# RBE and 4870 stuttering



## 2DividedbyZero (Aug 2, 2008)

I have flashed my Powecolor HD 4870VBIOS to 830/1000 following all the useful info found here, on doing so I have found a problem with my system!

First, the BIOS flash gives good benchmark results and is stable 

Second, the problem is that it causes benchmarks programs like 3DM06, Vantage and Furmark to stutter/lag every 3-4 seconds like it is dropping a whole bunch of frames - the whole scene jumps ahead and it is throughout the whole of the benchmarks!??!?

I have a suspicion(?) purely my own without any proof (which is why I am here) that it may have to do with the "fanfix" side of it...

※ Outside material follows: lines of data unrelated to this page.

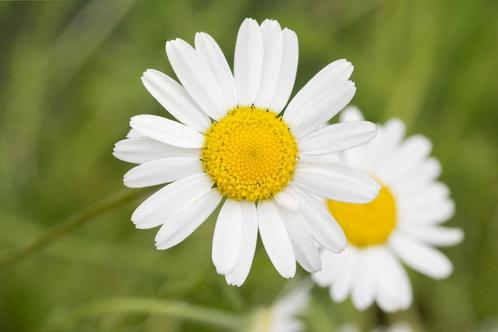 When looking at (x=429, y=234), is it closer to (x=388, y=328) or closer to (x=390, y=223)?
(x=390, y=223)

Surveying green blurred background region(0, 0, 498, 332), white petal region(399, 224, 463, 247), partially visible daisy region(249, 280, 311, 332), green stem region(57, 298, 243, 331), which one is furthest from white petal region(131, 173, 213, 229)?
green blurred background region(0, 0, 498, 332)

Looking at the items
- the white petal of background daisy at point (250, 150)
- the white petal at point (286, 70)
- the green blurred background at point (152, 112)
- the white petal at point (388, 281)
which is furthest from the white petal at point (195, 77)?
the green blurred background at point (152, 112)

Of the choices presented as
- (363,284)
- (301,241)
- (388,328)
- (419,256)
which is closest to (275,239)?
(301,241)

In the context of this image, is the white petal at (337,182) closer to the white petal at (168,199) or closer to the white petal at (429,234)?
the white petal at (168,199)

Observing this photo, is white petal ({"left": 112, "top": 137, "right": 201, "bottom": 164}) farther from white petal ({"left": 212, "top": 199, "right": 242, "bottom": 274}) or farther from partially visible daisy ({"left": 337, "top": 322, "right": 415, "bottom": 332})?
partially visible daisy ({"left": 337, "top": 322, "right": 415, "bottom": 332})

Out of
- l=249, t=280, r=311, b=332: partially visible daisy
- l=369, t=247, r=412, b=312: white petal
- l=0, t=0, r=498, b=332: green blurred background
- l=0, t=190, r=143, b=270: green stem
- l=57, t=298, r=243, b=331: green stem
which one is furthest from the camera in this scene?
l=0, t=0, r=498, b=332: green blurred background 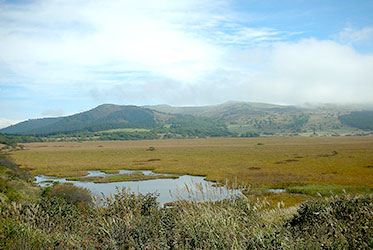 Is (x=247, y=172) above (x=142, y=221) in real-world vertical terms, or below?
below

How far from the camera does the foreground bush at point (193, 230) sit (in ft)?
29.6

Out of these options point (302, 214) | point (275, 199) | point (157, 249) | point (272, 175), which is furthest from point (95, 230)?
point (272, 175)

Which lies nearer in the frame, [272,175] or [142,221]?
[142,221]

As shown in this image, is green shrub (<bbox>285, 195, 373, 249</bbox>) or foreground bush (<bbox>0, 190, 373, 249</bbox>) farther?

On looking at the default BIOSes and the ASUS TOP BIOS floating around, on the fan page *PWM ramp on* and *PWM ramp(%)* are not selected, yet when I try and save an edited BIOS it always selects them On/Enabled when I change the fan.
If I create a BIOS without changing the fan settings, my card no longer stutters!

any further help on this fellas????

system screenshot




benchmark screenies:- 
3DM06 

 3DM V  

 Furmark 



RBE BIOS


----------



## H82LUZ73 (Aug 2, 2008)

change your 500 to 1000 2d clocks down to 900 on the memory.


----------



## BAGZZlash (Aug 2, 2008)

2DividedbyZero said:


> On looking at the default BIOSes and the ASUS TOP BIOS floating around, on the fan page *PWM ramp on* and *PWM ramp(%)* are not selected, yet when I try and save an edited BIOS it always selects them On/Enabled when I change the fan.
> If I create a BIOS without changing the fan settings, my card no longer stutters!

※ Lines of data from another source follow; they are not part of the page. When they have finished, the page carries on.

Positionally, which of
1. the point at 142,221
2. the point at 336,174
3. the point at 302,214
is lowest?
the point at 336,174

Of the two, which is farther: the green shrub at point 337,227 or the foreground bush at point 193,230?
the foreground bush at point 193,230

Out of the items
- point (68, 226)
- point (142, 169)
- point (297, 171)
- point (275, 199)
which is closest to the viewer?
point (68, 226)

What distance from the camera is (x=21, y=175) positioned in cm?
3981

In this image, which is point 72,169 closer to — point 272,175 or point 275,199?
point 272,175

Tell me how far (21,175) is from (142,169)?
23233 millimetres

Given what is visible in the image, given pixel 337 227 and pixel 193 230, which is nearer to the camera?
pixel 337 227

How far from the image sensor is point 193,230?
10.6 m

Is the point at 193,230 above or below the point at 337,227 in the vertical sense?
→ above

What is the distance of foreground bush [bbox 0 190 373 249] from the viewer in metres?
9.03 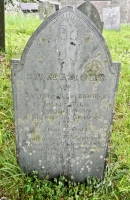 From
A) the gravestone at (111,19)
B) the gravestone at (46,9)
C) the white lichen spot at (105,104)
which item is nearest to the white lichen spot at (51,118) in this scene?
the white lichen spot at (105,104)

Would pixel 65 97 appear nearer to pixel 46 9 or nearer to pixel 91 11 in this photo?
pixel 91 11

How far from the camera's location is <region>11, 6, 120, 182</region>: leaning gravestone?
5.76 feet

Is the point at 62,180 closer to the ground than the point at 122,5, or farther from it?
closer to the ground

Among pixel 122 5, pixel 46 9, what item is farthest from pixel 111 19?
pixel 122 5

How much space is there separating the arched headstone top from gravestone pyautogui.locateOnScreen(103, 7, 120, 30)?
10.6m

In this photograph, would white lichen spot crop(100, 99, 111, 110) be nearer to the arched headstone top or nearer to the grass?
the arched headstone top

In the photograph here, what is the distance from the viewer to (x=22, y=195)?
83.3 inches

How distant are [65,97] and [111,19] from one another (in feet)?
36.1

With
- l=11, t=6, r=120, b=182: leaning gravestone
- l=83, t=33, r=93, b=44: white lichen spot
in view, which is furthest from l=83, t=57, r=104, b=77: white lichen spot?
l=83, t=33, r=93, b=44: white lichen spot

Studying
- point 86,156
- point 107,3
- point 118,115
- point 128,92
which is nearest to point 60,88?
point 86,156

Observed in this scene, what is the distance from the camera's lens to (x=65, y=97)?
1980 mm

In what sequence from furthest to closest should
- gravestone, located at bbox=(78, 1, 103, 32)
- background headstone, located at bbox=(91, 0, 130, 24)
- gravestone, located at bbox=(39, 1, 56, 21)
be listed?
1. background headstone, located at bbox=(91, 0, 130, 24)
2. gravestone, located at bbox=(39, 1, 56, 21)
3. gravestone, located at bbox=(78, 1, 103, 32)

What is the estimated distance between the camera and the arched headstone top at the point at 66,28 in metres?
1.68

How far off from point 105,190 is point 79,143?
1.62 ft
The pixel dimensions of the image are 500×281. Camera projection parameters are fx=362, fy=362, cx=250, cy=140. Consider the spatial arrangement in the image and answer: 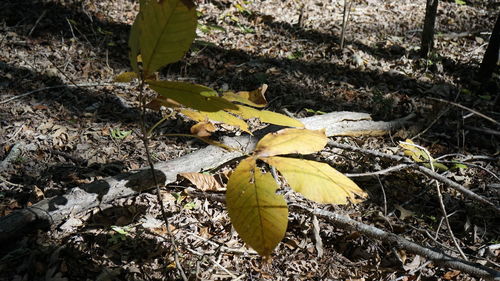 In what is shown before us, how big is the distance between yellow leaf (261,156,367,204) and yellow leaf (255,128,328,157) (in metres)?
0.07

Interesting. The stuttering problem seems to be a not-so-rare issue. How could the PWM-ramp have anything to do with it, though? However, you never know. Regarding ATI's BIOSes, it's hard to surprise me after all... 
So: Can anyone having trouble with stuttering acknowlegde the stuttering to disappear after switching off the PWM ramp?


----------



## 2DividedbyZero (Aug 2, 2008)

to re-itrate my problem in a clearer way

I will display in the order of CORE CLOCK :  MEM CLOCK  :  FAN FIX  : RESULT.....
(Def = Default settings)

1. Def  :  Def  :  Def  :  NO STUTTER
2. 830  :  Def  :  Def  :  NO STUTTER
3. Def  :  1000  :  Def  :  NO STUTTER
4. Def  :  Def  :  FIX  :  STUTTER
5. 830  :  1000  :  Def  :  NO STUTTER
6. 830  :  1000  :  FIX  :  STUTTER

etc etc and in the sense of "stutter" i mean as described in my initial post

to be honest, any clocks set in the core or mem are fine - it IS the FAN FIX that causes the problem.



H82LUZ73 said:


> change your 500 to 1000



you want me to change my CORE to 1000????????????? are you craaaaaaaazy?




H82LUZ73 said:


> change your 500 to 1000 2d clocks down to 900 on the memory.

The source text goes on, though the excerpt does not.